- _What is required_:
Going line by line through the records below, write out everything starting with the line containing "Carro Buffet Self" and going on through the line containing "ZDE S925 Sterling", exactly and inclusively. Pictures do not go in.

- _Source data_:
BEGIN

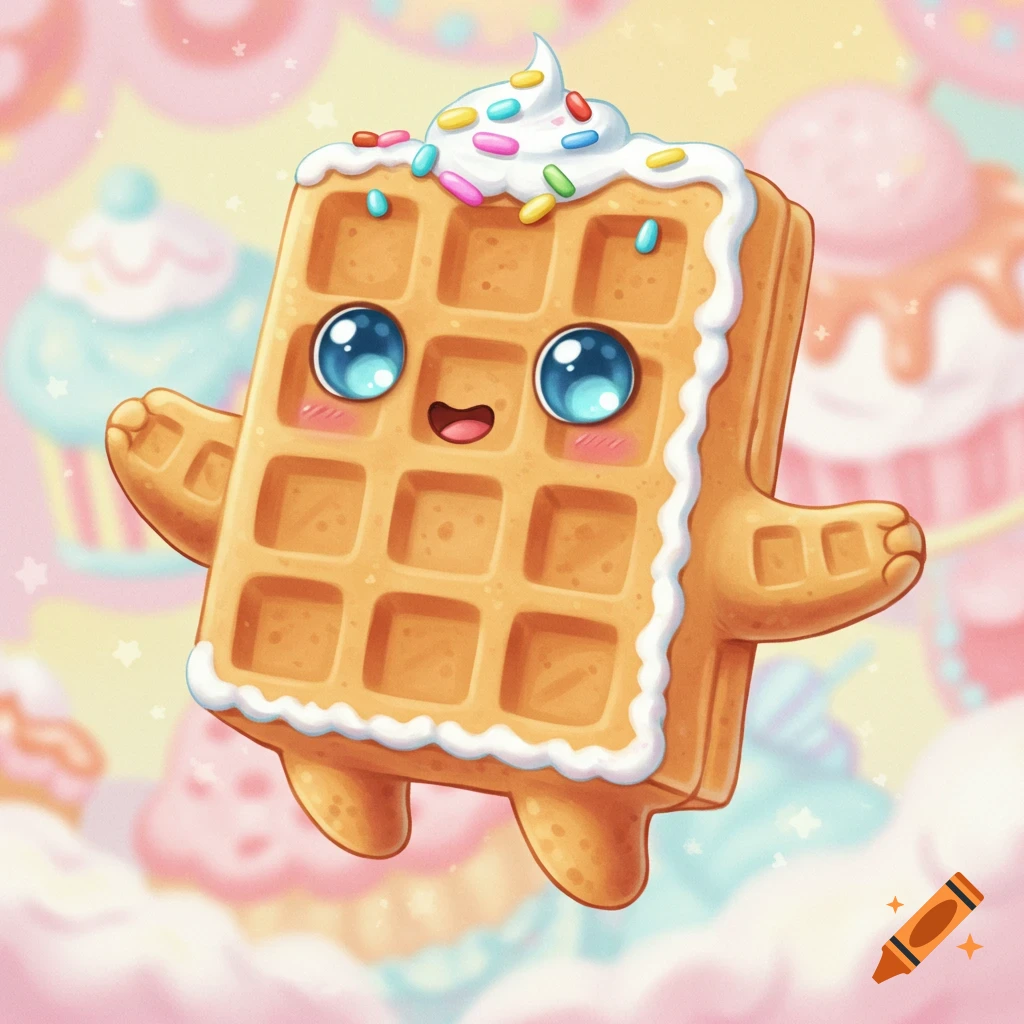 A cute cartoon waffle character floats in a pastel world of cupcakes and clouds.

END
BEGIN

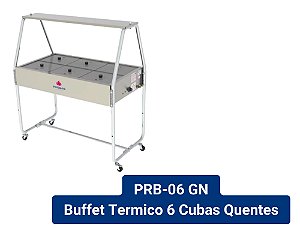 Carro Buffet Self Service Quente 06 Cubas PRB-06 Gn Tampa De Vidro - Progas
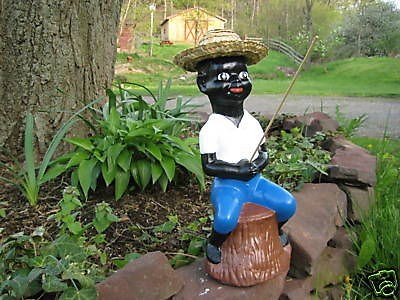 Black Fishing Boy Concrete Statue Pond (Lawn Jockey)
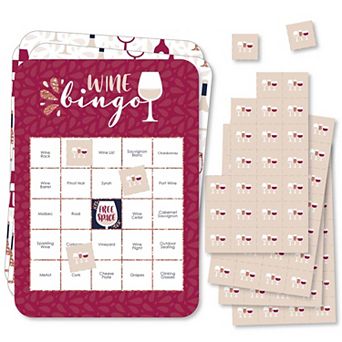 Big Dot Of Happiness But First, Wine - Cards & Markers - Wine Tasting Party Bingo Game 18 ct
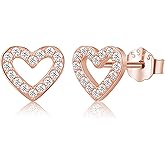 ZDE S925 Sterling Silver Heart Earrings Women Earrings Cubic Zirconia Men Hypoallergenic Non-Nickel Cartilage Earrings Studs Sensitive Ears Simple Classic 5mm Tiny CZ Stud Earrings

END
BEGIN

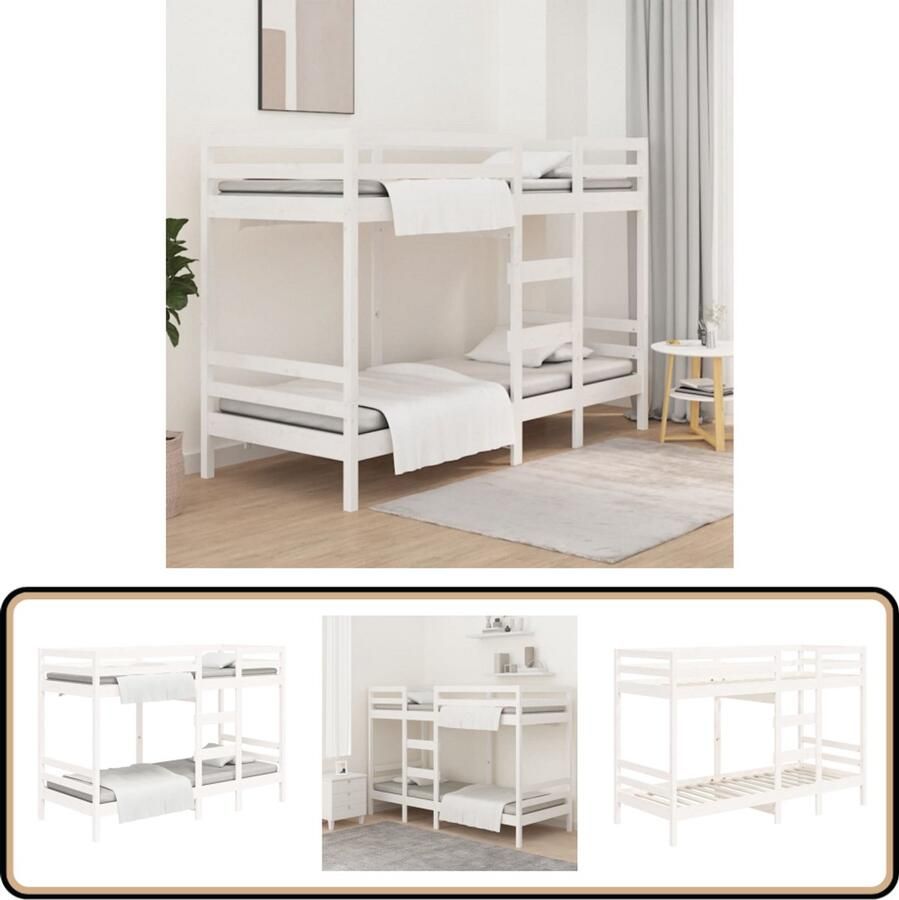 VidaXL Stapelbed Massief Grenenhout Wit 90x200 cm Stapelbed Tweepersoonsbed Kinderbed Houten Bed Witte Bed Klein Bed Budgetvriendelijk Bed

END

- _Solution to the exercise_:
 Carro Buffet Self Service Quente 06 Cubas PRB-06 Gn Tampa De Vidro - Progas
 Black Fishing Boy Concrete Statue Pond (Lawn Jockey)
 Big Dot Of Happiness But First, Wine - Cards & Markers - Wine Tasting Party Bingo Game 18 ct
 ZDE S925 Sterling Silver Heart Earrings Women Earrings Cubic Zirconia Men Hypoallergenic Non-Nickel Cartilage Earrings Studs Sensitive Ears Simple Classic 5mm Tiny CZ Stud Earrings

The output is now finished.